===== Material for this exercise

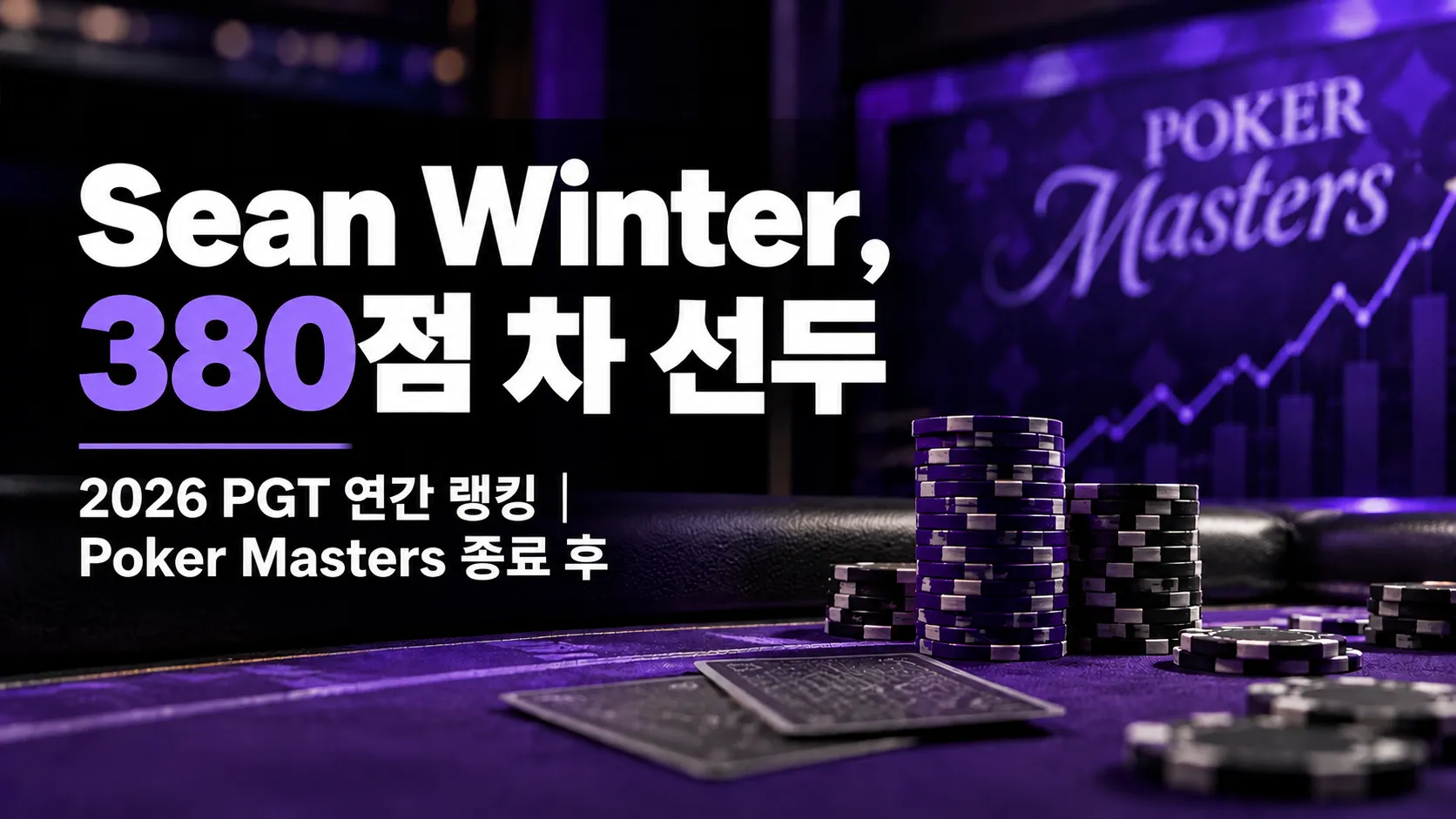 Sean Winter가 2026 PGT 연간 랭킹에서 380점 차로 선두에 오른 소식을 전하는 이미지. 보라색 포커 테이블과 칩, 상승 그래프가 배치돼 있다.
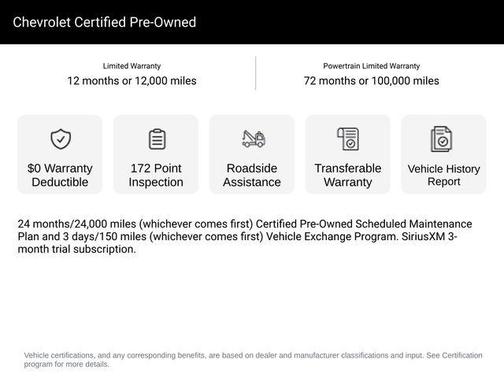 2024 Chevrolet Suburban 4WD High Country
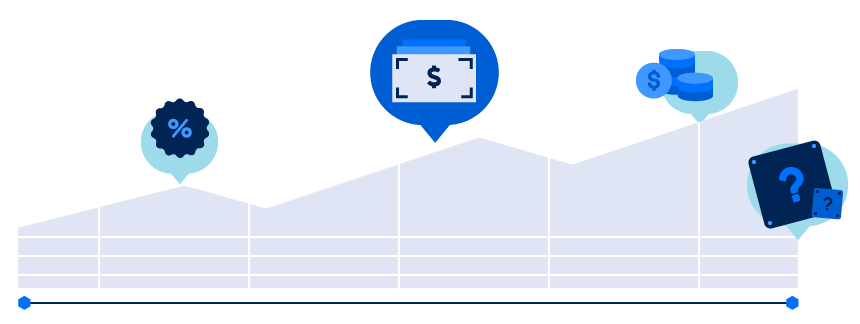 Gráfica de ganancias de mensajero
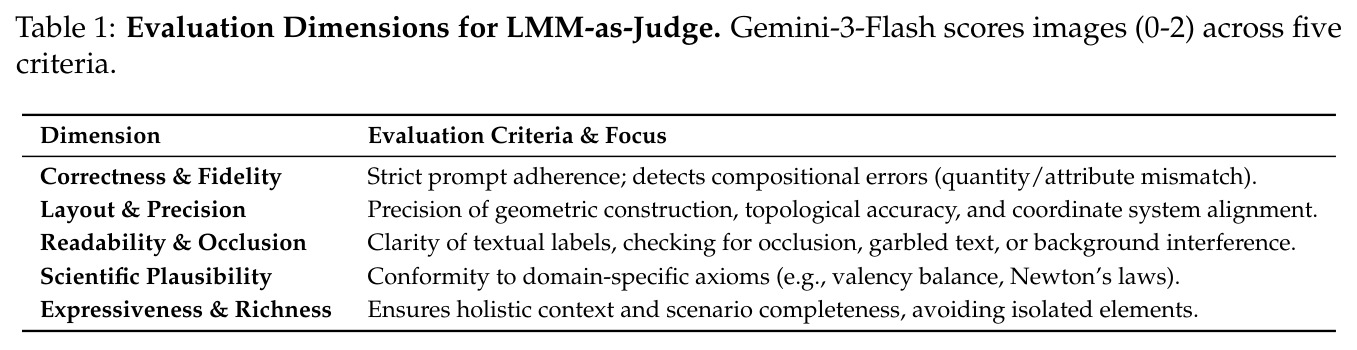 LMM-as-Judge评估维度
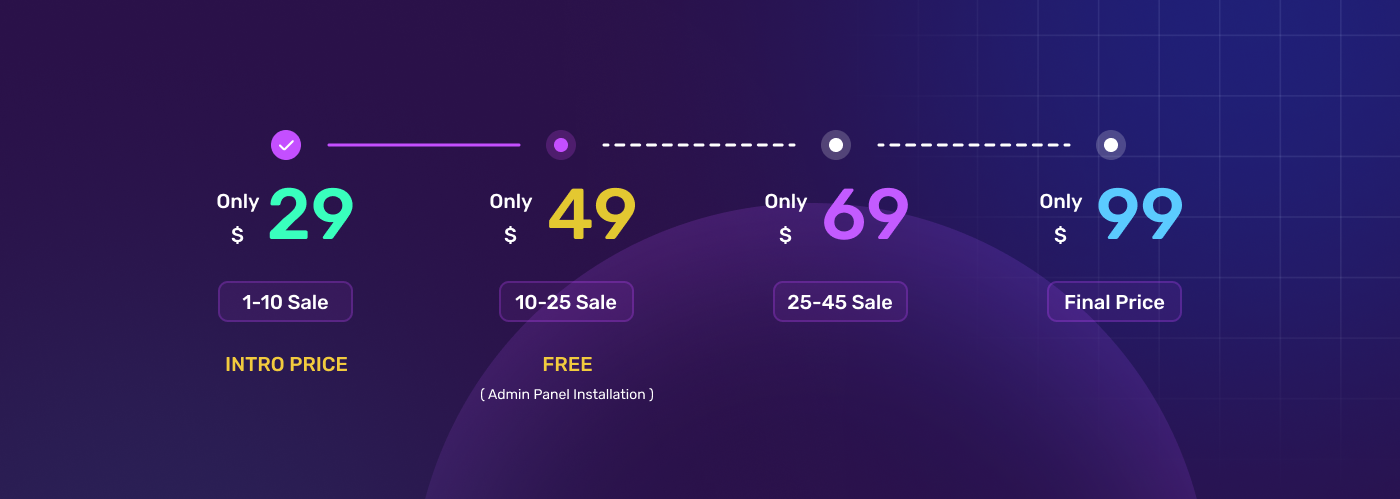 Car Buy-Sell full classified | Flutter Mobile App, Laravel API, Next.js Web - 8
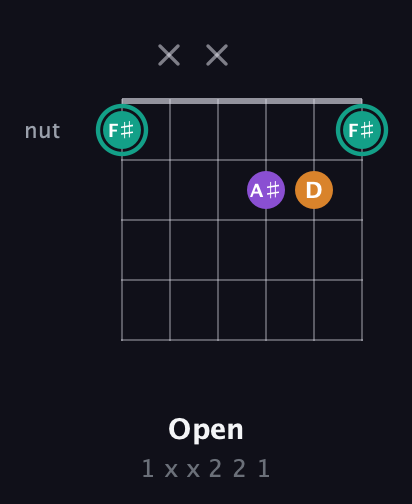 F♯ Augmented Flat 13th guitar chord — Open (1 x x 2 2 1) fretboard diagram in Half-Step Down (E♭A♭D♭G♭B♭E♭) · Capo 2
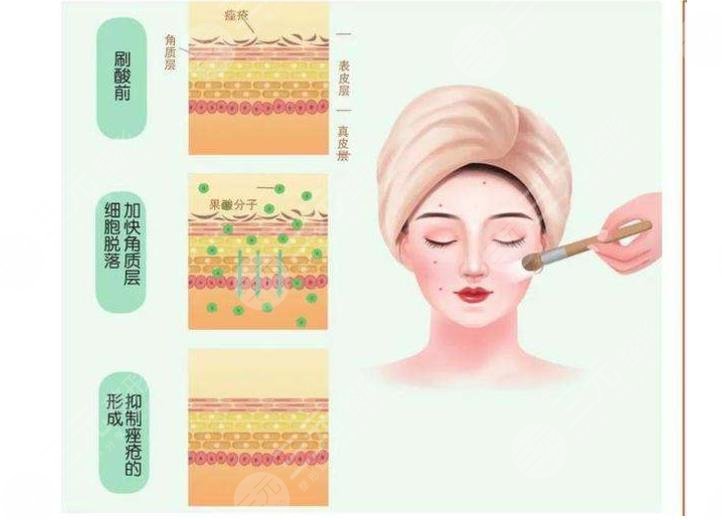 护肤小知识|的作用是什么?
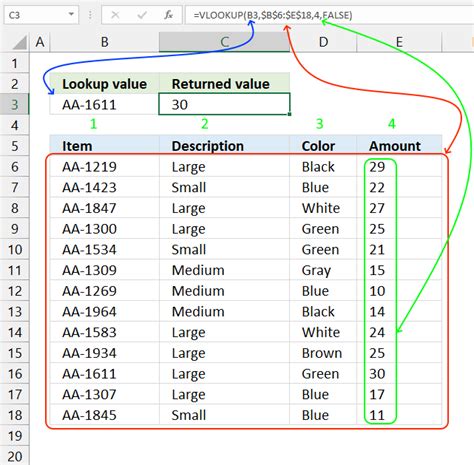Remove duplicates, highlight duplicate rows, find unique values Select one or more columns for comparison Check two lists for duplicate rows by comparing values in one or several key columns Thanks for reading this article If the data is fetching from Database Using the Columns Method; Using the Rename Method; The Pandas Python library is an. . Pandas vlookup one column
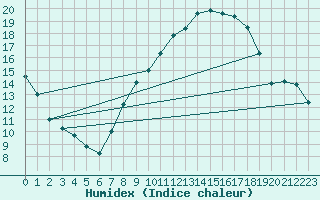 Courbe de l'humidex pour Saelices El Chico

==========

What needs to be done
Would you write out exactly the lines above, starting at the line containing "2024 Chevrolet Suburban 4WD High Country" and stopping after the line containing "护肤小知识|的作用是什么?"? Omit the pictures.

Written response
 2024 Chevrolet Suburban 4WD High Country
 Gráfica de ganancias de mensajero
 LMM-as-Judge评估维度
 Car Buy-Sell full classified | Flutter Mobile App, Laravel API, Next.js Web - 8
 F♯ Augmented Flat 13th guitar chord — Open (1 x x 2 2 1) fretboard diagram in Half-Step Down (E♭A♭D♭G♭B♭E♭) · Capo 2
 护肤小知识|的作用是什么?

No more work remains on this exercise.